- _YOUR TASK_:
Under this line are records; the part from the line containing "Hanamizuki blooming against" through the line containing "Globus Baumarkt prospekt" should be repeated exactly. Please exclude pictures.
--- DATA IN THIS EXERCISE ---
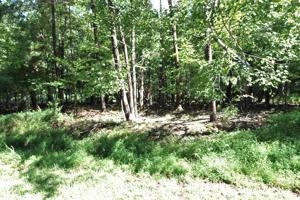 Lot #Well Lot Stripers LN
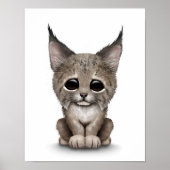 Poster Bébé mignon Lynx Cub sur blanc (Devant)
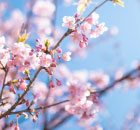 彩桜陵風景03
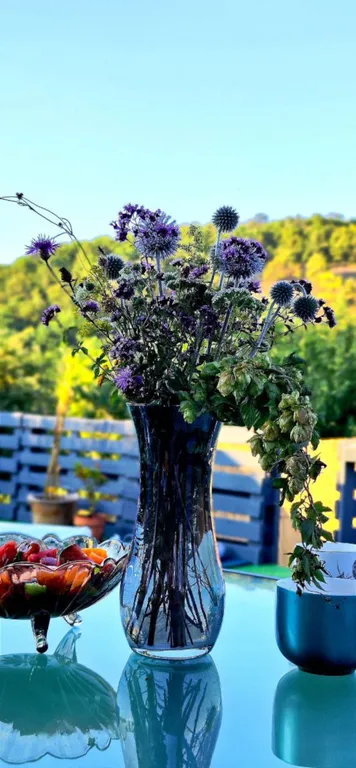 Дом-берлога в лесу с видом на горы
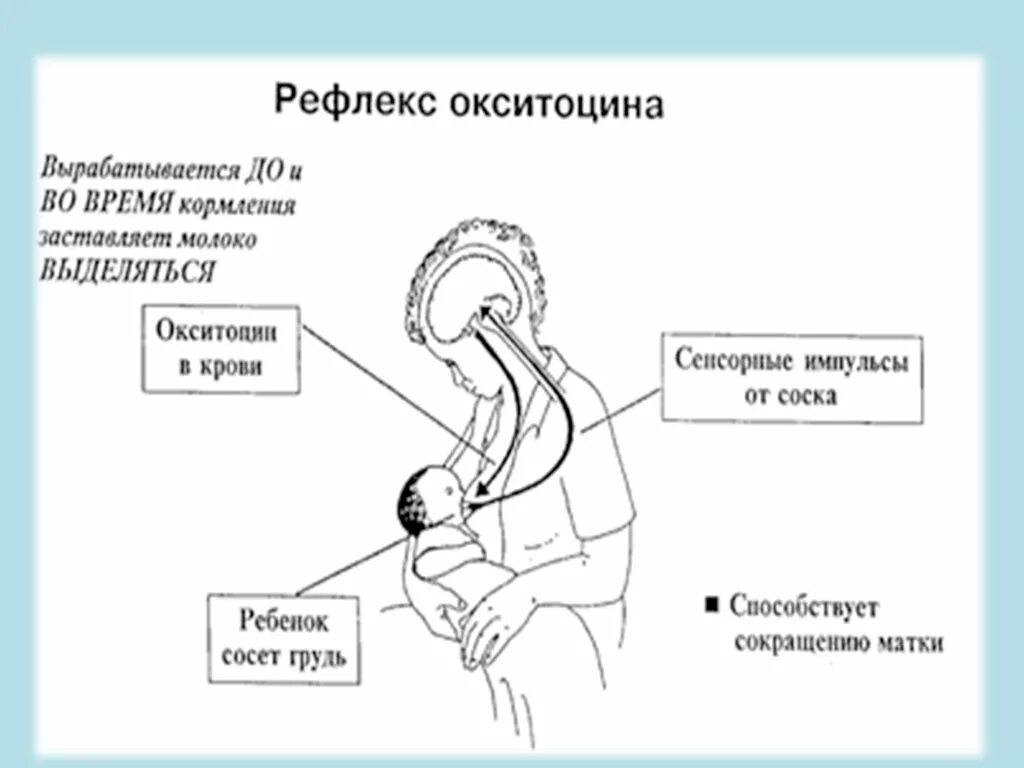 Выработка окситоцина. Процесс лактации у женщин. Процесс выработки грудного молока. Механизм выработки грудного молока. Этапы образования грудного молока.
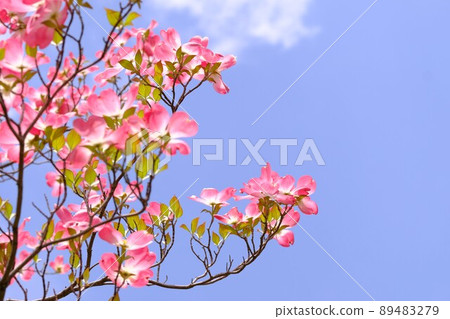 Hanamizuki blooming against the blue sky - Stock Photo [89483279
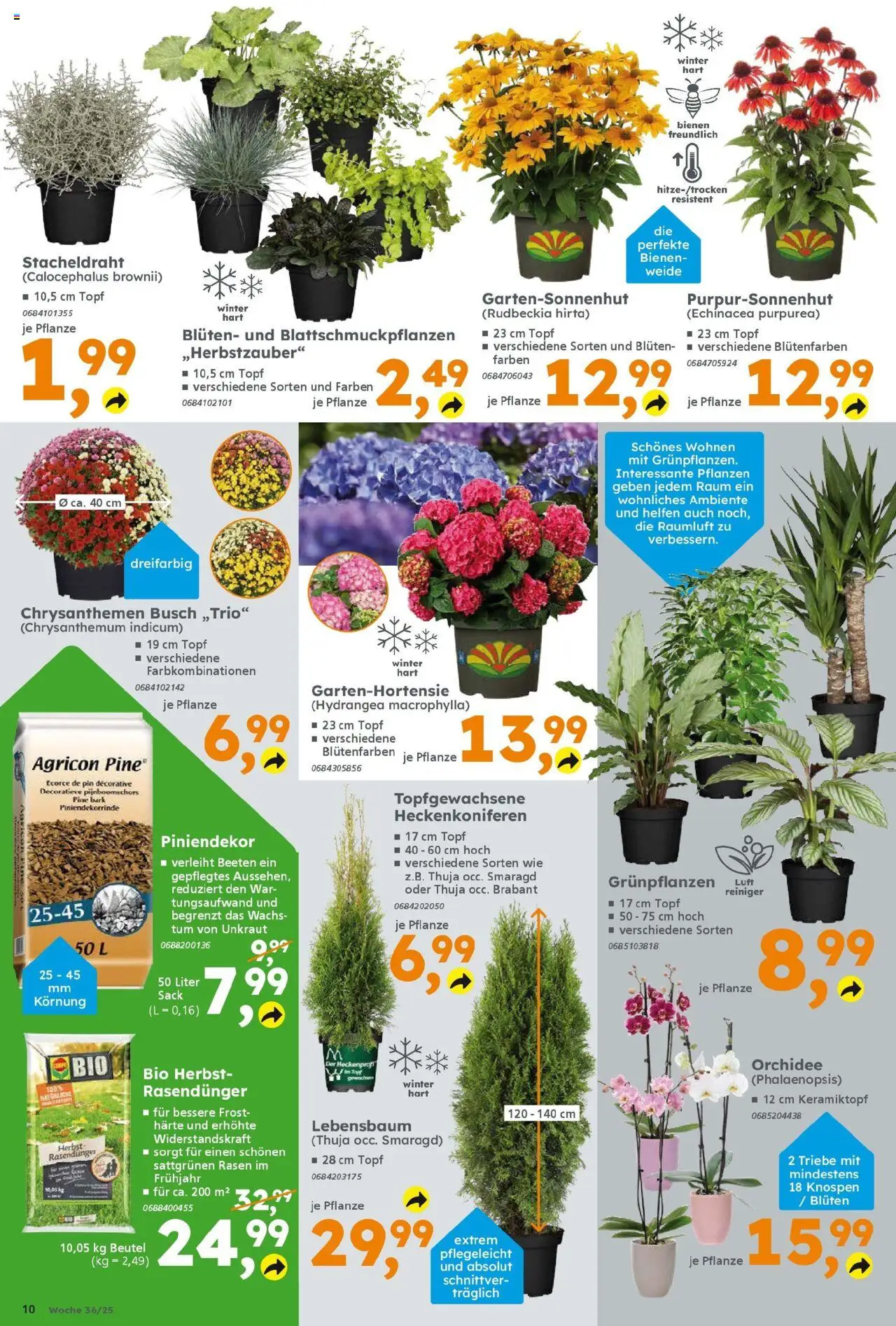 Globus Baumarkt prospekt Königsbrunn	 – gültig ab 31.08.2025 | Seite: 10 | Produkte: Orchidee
---
--- DATA IN THIS EXERCISE ---
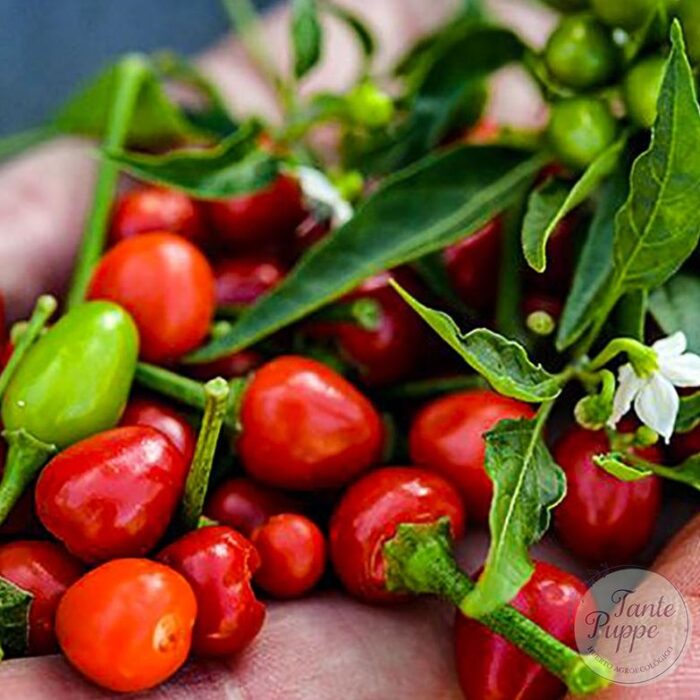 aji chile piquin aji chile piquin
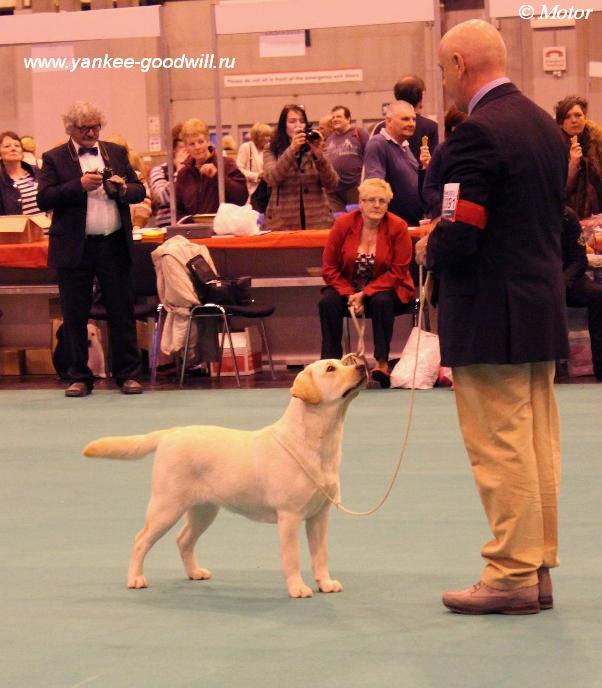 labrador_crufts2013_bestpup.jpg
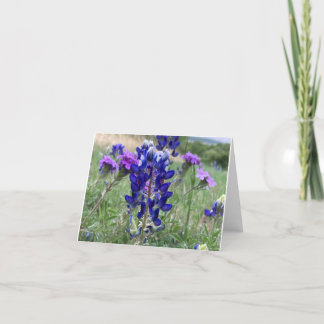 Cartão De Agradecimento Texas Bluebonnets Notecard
---
- _ANSWER SPACE_:
 Hanamizuki blooming against the blue sky - Stock Photo [89483279
 Globus Baumarkt prospekt Königsbrunn	 – gültig ab 31.08.2025 | Seite: 10 | Produkte: Orchidee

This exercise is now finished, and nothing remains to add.